America’s most popular destination for company incorporation has updated its laws to allow for the tokenization of public or private stocks and shares.
Two-thirds of all members elected to each house in the state of Delaware have passed a number of amendments that legally allow for the use of blockchain technology to maintain corporate share registries. It says:
“Any records administered by or on behalf of the corporation in the regular course of its business, including its stock ledger, books of account, and minute books, may be kept on, or by means of, or be in the form of, any information storage device, method, or one or more electronic networks or databases (including one or more distributed electronic networks or databases)…
When records are kept in such manner, a clearly legible paper form prepared from or by means of the information storage device, method, or one or more electronic networks or databases (including one or more distributed electronic networks or databases) shall be valid and admissible in evidence, and accepted for all other purposes, to the same extent as an original paper record of the same information would have been, provided the paper form accurately portrays the record.”
In other words, any tokenized stock or share can legally be admissible in court as evidence of ownership, and any company can, in full compliance with the law, issue equity in the form of a token.
A new ethereum based token standard, ERC-884, has already been created to allow companies to take advantage of these new capabilities with Dave Sag, a blockchain developer, stating:
“ERC-884 tokens offer a mechanism by which a Delaware corporation can maintain an official share register using an Ethereum smart-contract, hosted on the Ethereum blockchain, rather than using a traditional mechanism.
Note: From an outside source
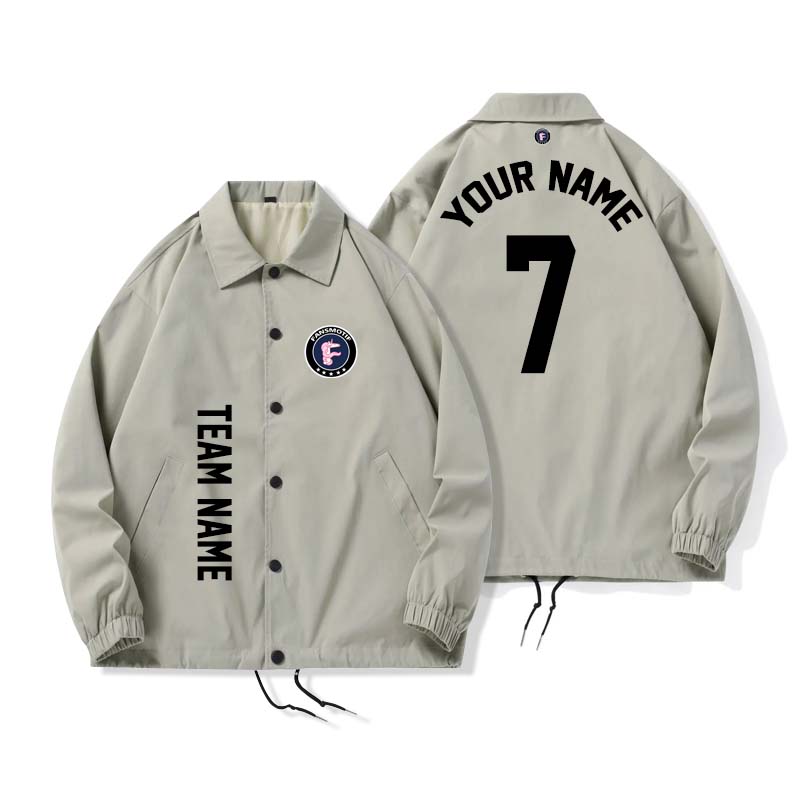 【 Fashion jacket 】 khaki Autumn and Winter jacket custom coat sportswear fashion clothing - fansmotif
By maintaining compatibility with ERC-20 tokens, ERC-884 tokens can be traded via any cryptocurrency exchange that supports the trading of ERC-20 tokens, thus allowing the company to sidestep the use of a traditional stock exchange, share registry, or transfer agent.”
Companies that wish to be fully compliant with the law, yet wish to take advantage of the new technology, can use the above standard to digitally issue shares without having to go through any intermediary.
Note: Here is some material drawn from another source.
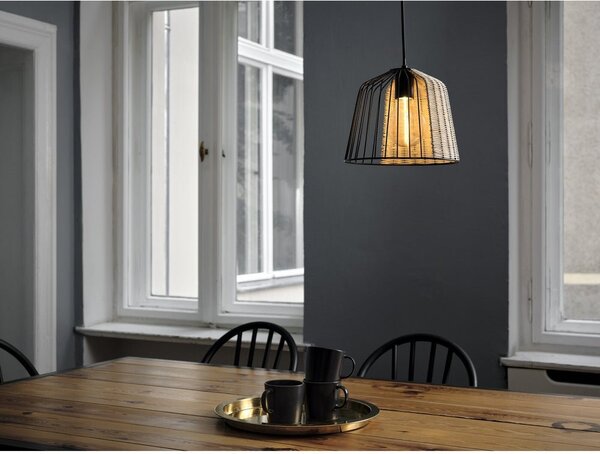 Ratanový lustr dekorativní E27 15 W CAGE BELL PENDANT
As they would already be compliant with securities laws if they are publicly traded or otherwise have already registered with the SEC, there would be no regulatory uncertainty or gray area.
That’s because the token standard has been designed to in effect mimic a paper share, while getting rid of the paper. So digitizing equity.
In the process potentially removing intermediaries, reducing cost, increasing efficiency, and increasing participation to the entire global arena.